Framework analyzers build on language analysis to detect framework-specific patterns - route definitions, dependency injection, event handlers, and more. They run after language analyzers and use the import edges from the language pass for framework detection.
Text analyzers handle files that do not have a tree-sitter grammar, such as OpenAPI specifications, SQL DDL files, Maven POM files, and property files. They extract structured data without AST parsing.
Knowledge graph
Section titled “Knowledge graph”IntelliRag builds a knowledge graph in Neo4j that captures the structural relationships in your codebase. The graph contains:
- Call edges - Which functions call which other functions.
- Import edges - Which modules import which other modules.

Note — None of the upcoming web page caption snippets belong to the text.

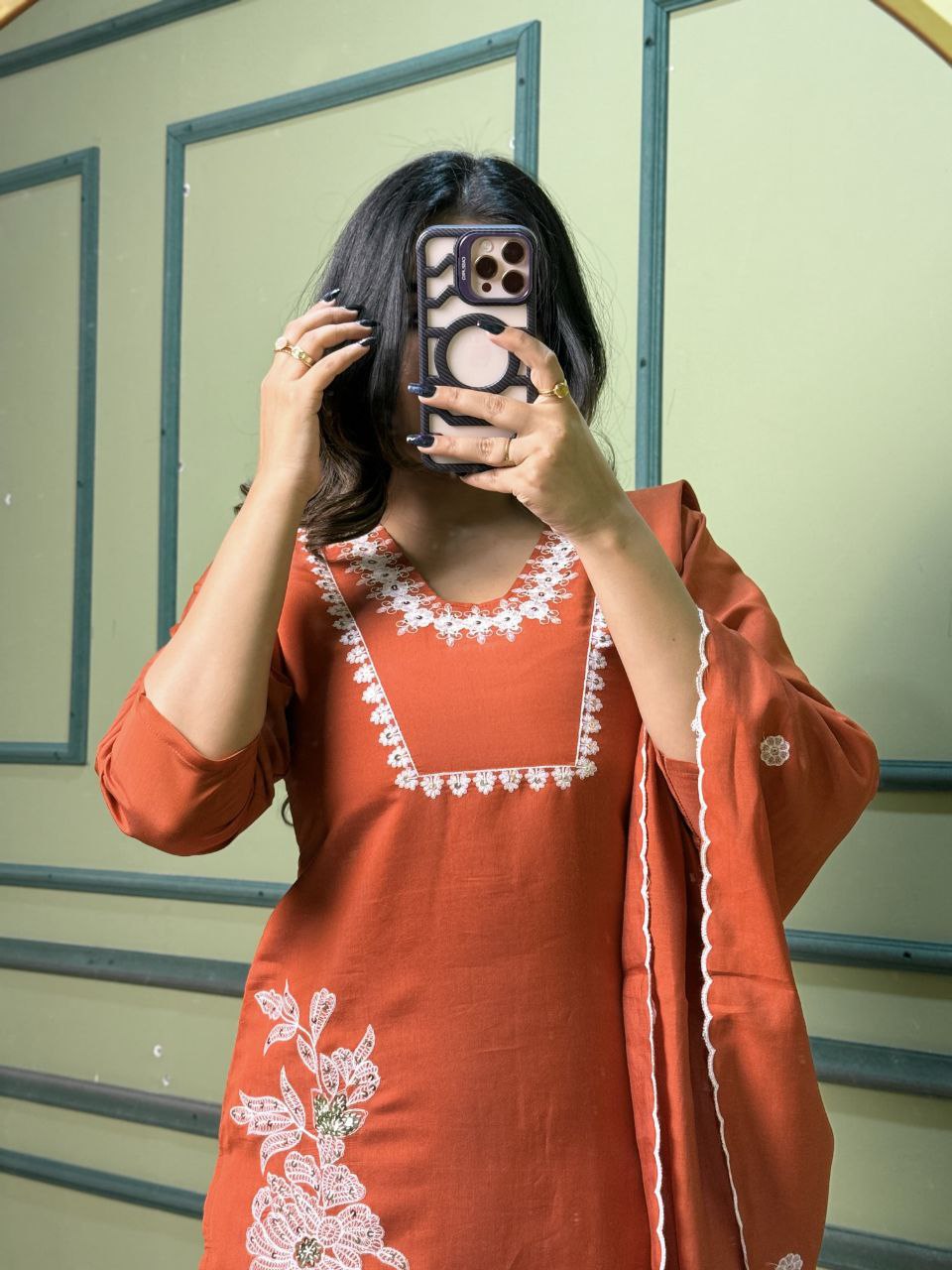 Kurti Pent Dupatta Set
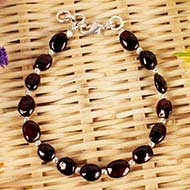 Garnet Oval beads bracelet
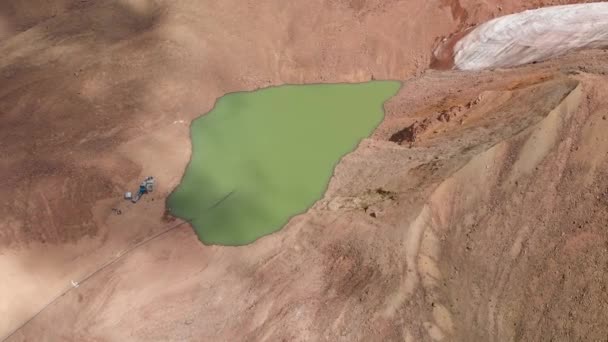 Foto aérea del hermoso Lago de la Montaña — Vídeo de stock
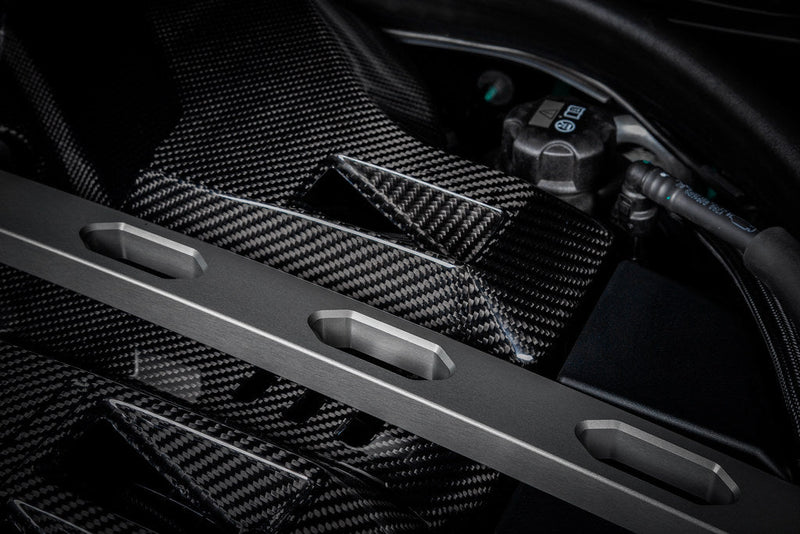 Laden Sie das Bild in Galerie -Viewer, Eventuri Carbon Motorabdeckung / Engine Cover für BMW M2 G87 S58 Motor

- Data flow - How data moves through the system.
- Entry points - HTTP endpoints, message handlers, and other external interfaces.
The knowledge graph powers navigation queries such as “who calls this function,” “what depends on this module,” and “what is affected if I change this.”
Vector collections
Section titled “Vector collections”IntelliRag maintains seven Qdrant vector collections for semantic search:
| Collection | Purpose |
|---|---|
code_chunks |
Source code segments for natural language code search |
module_summaries |
LLM-generated module descriptions |
pattern_matches |
Detected design patterns and architectural patterns |
git_archaeology_chunks |
Git history analysis (churn, ownership, change patterns) |
debt_vectors |
Technical debt items and code quality signals |
api_contract_chunks |
API endpoint definitions and contracts |
event_catalog_vectors |
Event producers, consumers, and message schemas |
All collections use the same embedding model (Voyage AI voyage-code-3, 1024 dimensions) and enforce tenant_id filtering on every query.
Enrichment
Section titled “Enrichment”After the indexing pipeline completes, an asynchronous enrichment process runs LLM-powered analysis on the indexed data. Enrichment is queued via a job system and processed by a dedicated worker - it never runs in the API server request path.
Enrichment job types include:
- Module summary - Generate natural language descriptions of modules and packages.
- Debt triage - Classify and prioritize detected technical debt.
- Dead code review - Identify potentially unused code paths.
- Schema annotation - Add context to database schema definitions.
- Contract inference - Infer API contracts from code patterns.
- Event description - Describe event producers and consumers.
Enrichment results are stored alongside indexed data and made available through the same MCP tools and API endpoints.